The main purpose of this ongoing blog will be to track planetary extreme, or record temperatures related to climate change. Any reports I see of ETs will be listed below the main topic of the day. I’ll refer to extreme or record temperatures as ETs (not extraterrestrials).😜
Main Topic: How Many People Does Heat Actually Kill?
Dear Diary. I ran across another brilliant article by Andrew Dessler yesterday that I am sharing for our main topic of the day. Heat fatalities and how they are tallied are discussed in it. As far as deadly weather goes, excessive heat kills more than tornadoes or hurricanes, which are localized events. Heatwaves can be broad, affecting half a continent and lasting weeks. Mostly older and vulnerable people with little access to air conditioning are most at risk and account for the majority fatalities.
Still, how are heat statistics tabulated? Here Andrew Dressler gives us answers. Unfortunately, there is not one standard for heat death statistics:
How many people does heat actually kill?
How many people does heat actually kill?
It depends on how you count it
Apr 13, 2026
You have likely seen a headline like this: 62,000 people died from record-breaking heat in Europe:
link
It’s a striking number. It’s also not clear what it means. Is this the number of people killed by extreme heat? Or climate change’s contributions to the extreme heat? Or the number of deaths above what we would expect in a normal summer? Or something else.
This matters a lot. If we want to accurately communicate the impact of climate change on human mortality, we need to be precise about what we’re actually counting.
A graduate student and I just published a paper on this in GeoHealth (link), using heat-related mortality in Texas to demonstrate the issue. Here’s what we found.
the basic picture: a u-shaped curve
The relationship between daily average temperature and daily mortality is a U-shaped curve. The temperature at which the minimum number of deaths occur, often called the optimal temperature (abbreviated OT)1, is around 20°C (70°F) in most places. Mortality goes up as the temperature departs from the OT towards either hotter or colder temperatures.
This temperature-related mortality curve is calculated statistically by looking at how total (non-accidental) deaths vary with temperature. This produces curves like the one above.
By convention, the number of deaths occurring at the OT provides an estimate of the baseline (non-heat-related) deaths. At any other temperature, deaths above this baseline are assumed to be heat related.
For example, if there are 50 deaths on a day at the OT and 75 deaths at 10°C above the OT, we attribute the difference — 25 deaths — to heat.
Now that’s out of the way, let’s go over the different ways of quantifying heat-related mortality.
method 1: the optimal temperature method (OTM)
The most common approach in the scientific literature counts all deaths above the OT. In other words, for all days where the daily average temperature was above the OT, we calculate the heat-related deaths on those days and sum them.
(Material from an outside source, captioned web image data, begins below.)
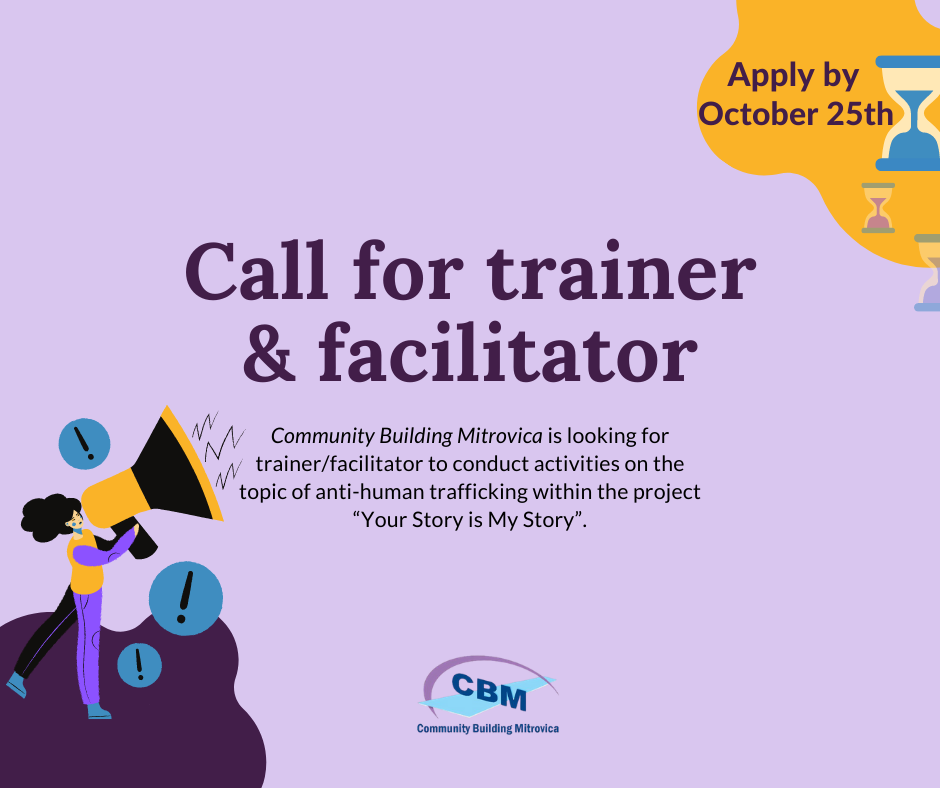 terms-of-reference-tor-trainerfacilitator-for-your-story-is-my-story-project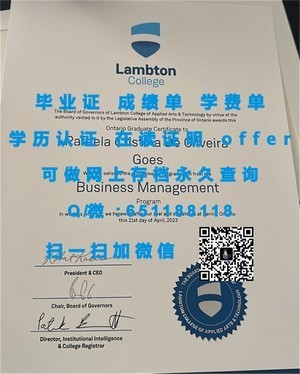 耶鲁大学官方成绩单揭秘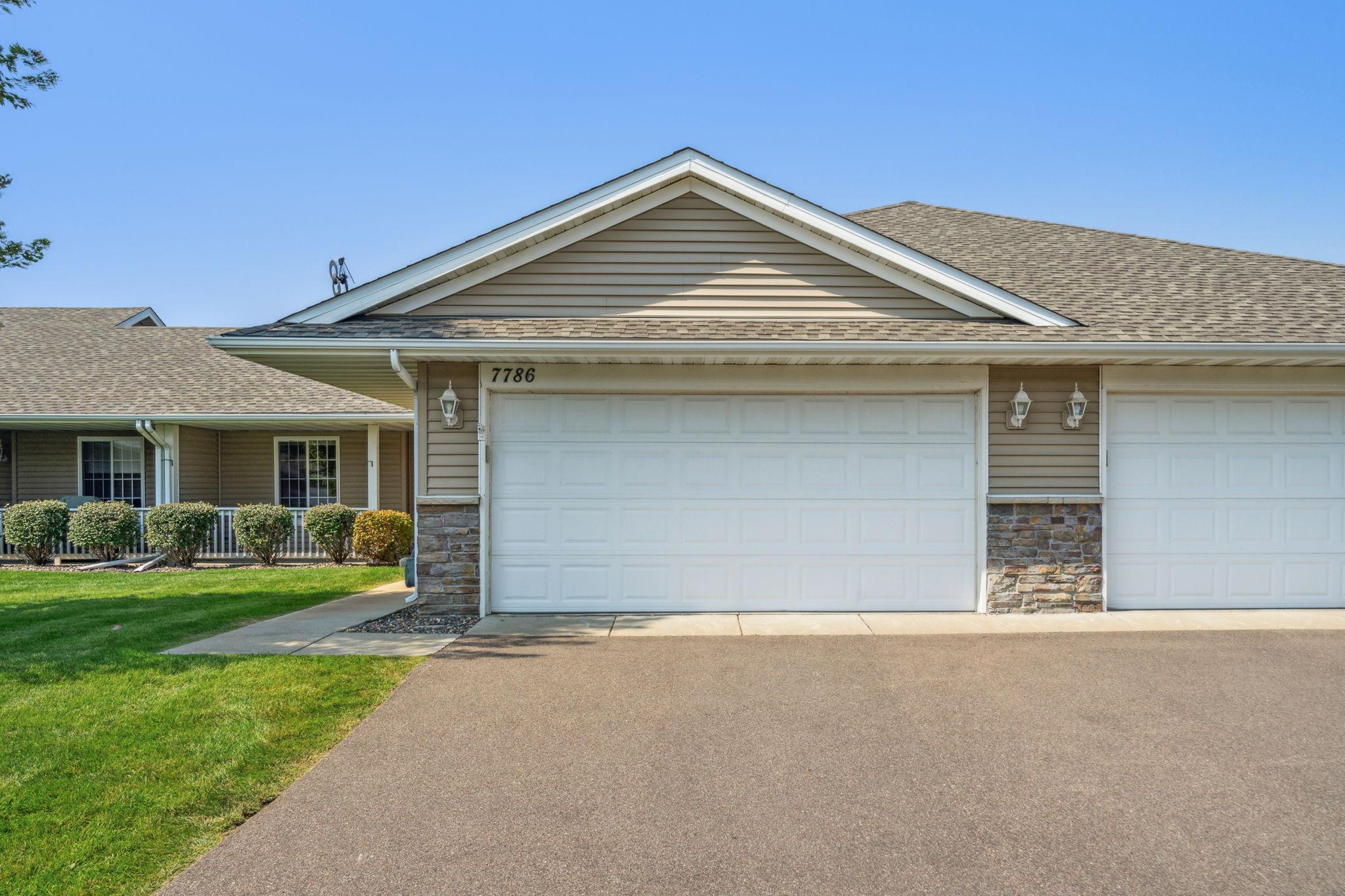 View of Residential at 7786 Palisades Avenue, Otsego MN 55330, Otsego - Mike Wilen | Minnesota Team Real Estate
This gives us an estimate of the total number of heat-related deaths. The red shaded region in the plot below shows this graphically.
We will refer to this as the optimal temperature method (OTM).
That European headline of 62,000 deaths? That’s this method. The problem is that a lot of these heat-related deaths are occurring at temperatures like 75°F, 80°F, 85°F — temperatures that nobody would consider extreme. While the number of deaths on these days is small, those temperatures occur often, so they dominate the total number of heat-related deaths.
So most of what this method counts isn’t really about heatwaves or record-breaking temperatures. It’s just… summer. It also means that the CNN headline was wrong: most of those 62,000 deaths were not due to extreme temperatures and many of them would have occurred even if the summer had been mild.
For Texas, we estimate roughly 1,130 deaths per year (over 2010-2023) using this method — about 2.2% of all summer deaths.
method 2: the extreme heat method (XHM)
A more intuitive approach is to sum heat-related mortality occurring on days that are extremely hot — say, days above the 95th percentile daily average temperature threshold (the red shaded area in the plot below). This is a more direct metric for what the warmest temperatures are doing.
We will refer to this as the extreme heat method (XHM). Using this method for Texas, we estimate that extreme heat caused an average of 248 summertime deaths per year or about 0.5% of summertime deaths. This is much lower than the OTM because we’re not counting the large number of deaths that occur at moderately hot temperatures.
When we compare these numbers to the official death certificate numbers provided by the Texas Department of State Health Services — which counts cases where a medical examiner determined heat was the cause or a contributor to death — the agreement is good, at least in normal years. In extremely hot years like 2011 or 2023, the official death numbers appear to significantly undercount the true number.
comparison between heat-related deaths from the Extreme Heat Method (XHM) and the official number from the State of Texas (Official Deaths)
The overall agreement between the extreme heat method and the official count makes sense. A medical professional will only attribute a death to heat when the connection is unambiguous and extreme (e.g., a patient comes into the emergency room with core body temperature of 106°F). Such deaths will mainly occur on very hot days.
On the other hand, if someone has a heart attack when it’s 85°F outside, no medical examiner is going to attribute that to heat. The only way to see the impact of heat on such deaths is with a statistical analysis, so you don’t expect these to show up in the official count.
method 3: the excess death method — what climate change actually did
Neither of the first two methods answers the question most people actually want the answer to: how many people did climate change kill?
For that, we use what we refer to as the Excess Death Method (EDM). Our approach is to take today’s mortality risk curve (based on today’s population, today’s demographics, today’s level of adaptation to heat), but plug in the temperatures from a past period — in our analysis, we used 1950-1963.
This gives us an estimate of what today’s mortality would have been had we had temperatures of the mid-20th century. Then we subtract that from the same calculation using the present-day (2010-2023) temperatures. The difference is a measure of the deaths attributable to global warming.
For Texas, this comes out to roughly 900 additional deaths per year due to climate change that occurred since the 1950s, equal to 1.7% of summertime deaths. Using a typical value of a statistical life of $10 million, this corresponds to a value of $9 billion per year due to climate change, or about $300 per Texas resident.
why this matters
The optimal temperature method counts all deaths above the optimal temperature. It’s the most common method in the literature and produces the largest numbers. It’s not wrong, but you should remember that most of these deaths are occurring at mild temperatures that happen every year, so it’s not measuring the impact of “extreme heat” in any intuitive sense2.
The extreme heat method counts only deaths on genuinely hot days. It produces smaller numbers that align well with official death counts from the medical examiners. It’s the better proxy if you want to understand the impact of acute heatwaves.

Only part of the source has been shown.